Central American refugees line up in Matamoros to wait for a chance to plead for asylum.
In yet another immigration roadblock from the Trump White House, filing for asylum, citizenship and visas will cost substantially more starting October 2.
New fee increases
posted by U.S. Citizenship and Immigration Services will also require international students and businesses hiring foreign workers to dig deeper.
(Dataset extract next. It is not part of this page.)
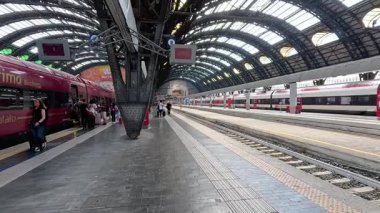 Milan istasyonundan trene binen yolcular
Among the changes: the cost of applying for citizenship will go up by 81% and obtaining a work visa will rise by as much as 100%.
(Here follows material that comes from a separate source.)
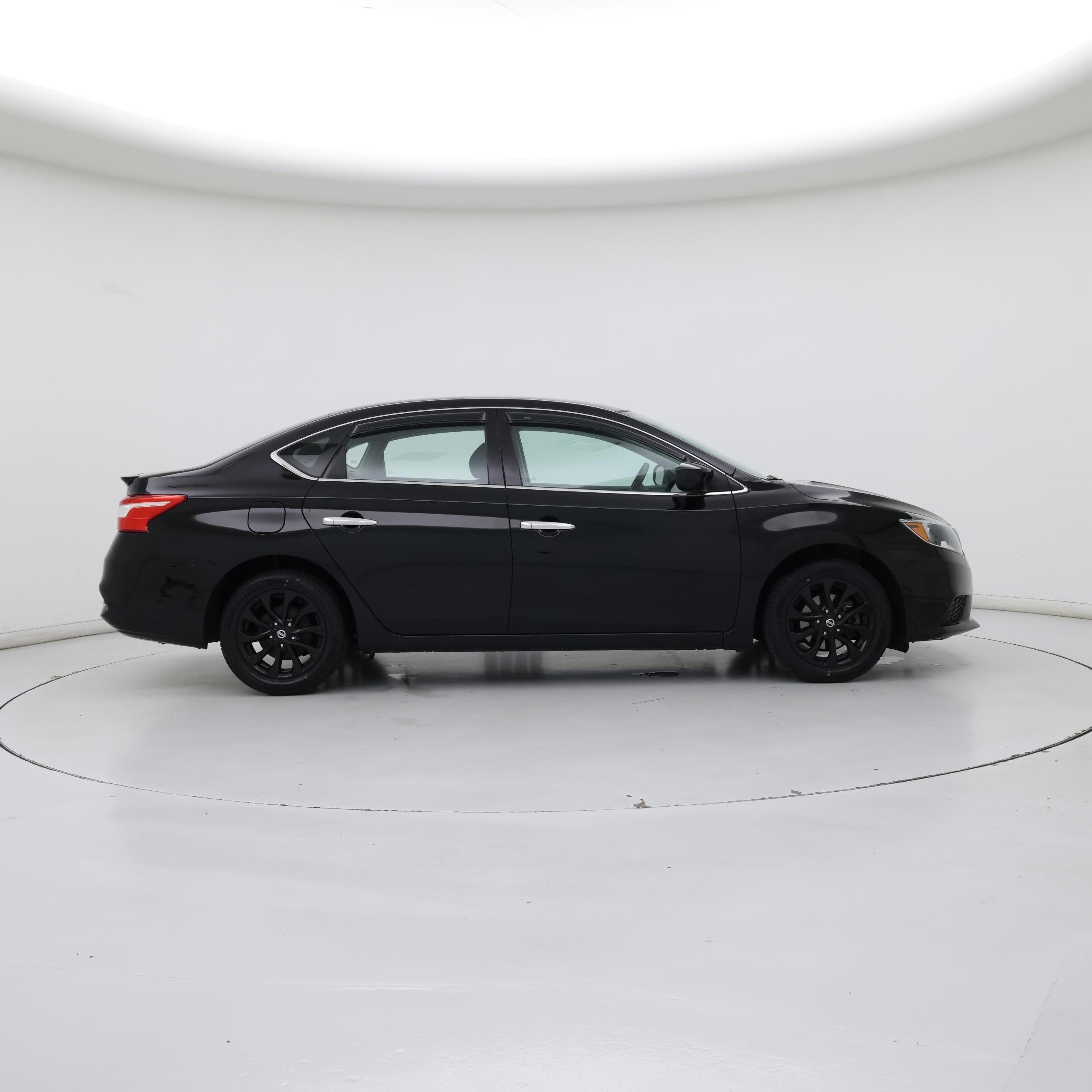 Thumbnail: 2018 Nissan Sentra - 7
Asylum seekers will also be required to pay a $50 fee, making the U.S. one of just four countries — Australia, Fiji and Iran are the others — that imposes a charge on people fleeing danger in their home country.
In a statement, USCIS Deputy Director for Policy Joseph Edlow said the price increases are needed to "efficiently and fairly administer our nation's lawful immigration system, secure the homeland and protect Americans."
However, critics point out that the fee hikes come as the agency, part of the Department of Homeland Security, faces substantial budget shortfalls and is asking Congress for a bailout
Melissa M. Lopez, executive director of the Diocesan Migrant and Refugee Services in El Paso told the news site Border Report
the price increase isn't coupled with better service or improvements from the agency.
“I think it’s really concerning that we are going to require asylum-seekers to pay a fee, when the reality is that when you are fleeing your country you don’t often plan and have the financial resources to hire an attorney, much less to be able to pay a fee,” she said.